It comes as no surprise that a sincere sense of purpose was instilled in Horn from an early age. Born in Dallas in 1991, she grew up in a tightly knit, church-going family filled with musical talent. It was her grandmother, a jazz-loving pianist whose playing was limited to gospel music by her preacher husband, who gave Horn her name. "That was my father’s mother—Harriet Horn—and I guess she knew I was going to be a musical child.” Asked to name the first tune she can recall singing, Horn recalls without hesitation, "’This Little Light of Mine’! I was 3 years old and my granny was standing at the piano, looking at me, saying, ‘You better open your mouth and sing. You better sing loud. Ar-tic-u-late your words.’ I will never forget—she used to always say that. She passed away when I was 12. But she taught me so much.”
Horn may have started singing as a toddler, but she had to wait until her early teenage years to encounter jazz.
"I went to Booker T. Washington High School for the Performing and Visual Arts in Dallas and took this jazz composition class with [longtime music instructor] Roger Boykin there. He would always come out and start scatting and talking about certain singing vocabulary, and in the beginning, I looked at him like he was crazy. I had never heard anything like that before—it was definitely a culture shock. Then he gave me this CD compilation of different singers and musicians. It had Eddie Jefferson, Al Jarreau, George Benson, and others—and I have to admit it was very weird to me and I wasn’t attracted to it at first, not until I heard Sarah Vaughan. And then I fell in love! After that, I tried to mimic everything she did—her intonation, every little flair she did with her voice, everything. I learned how to scat by listening to her, and I really got into it after I listened to John Coltrane and Miles Davis, because they sounded like vocalists though they had a different type of vocabulary.

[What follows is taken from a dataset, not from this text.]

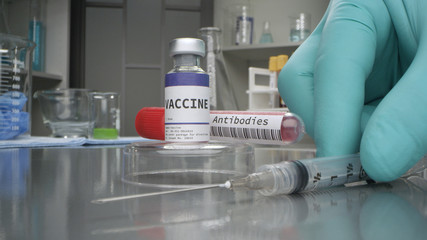 Vaccine and antibodies vial in medical lab with syringe placed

"When I first started scatting I thought that there was a certain language that you had to maintain. I didn’t know you could have your own style but after a while, I found my little niche in it and it just became me, it became a part of me and I never looked back from that.”
Horn’s talent grew and began to garner attention. In 2013, she entered and won a Newark-based contest fittingly named for her initial inspiration—the Sarah Vaughan International Jazz Competition. Then in 2015, at a gala concert at the Dolby Center in Los Angeles, she won what is arguably the most coveted award a young jazz musician can claim today—one that would lead to her recording A Social Call—winner of the Thelonious Monk Institute International Jazz Competition.
"I was excited but I was overwhelmed at the same time; there was a lot going on in my personal life—I had just become a mother—so I didn’t really have a chance to really notice exactly what was going on until a couple of months later. I remember as soon as I got the award, and finished meeting Mr. Herbie Hancock and some of the judges—Patti Austin, Dee Dee Bridgewater—I had to go backstage to feed my baby. That was really the top priority for me. It was crazy time for me.”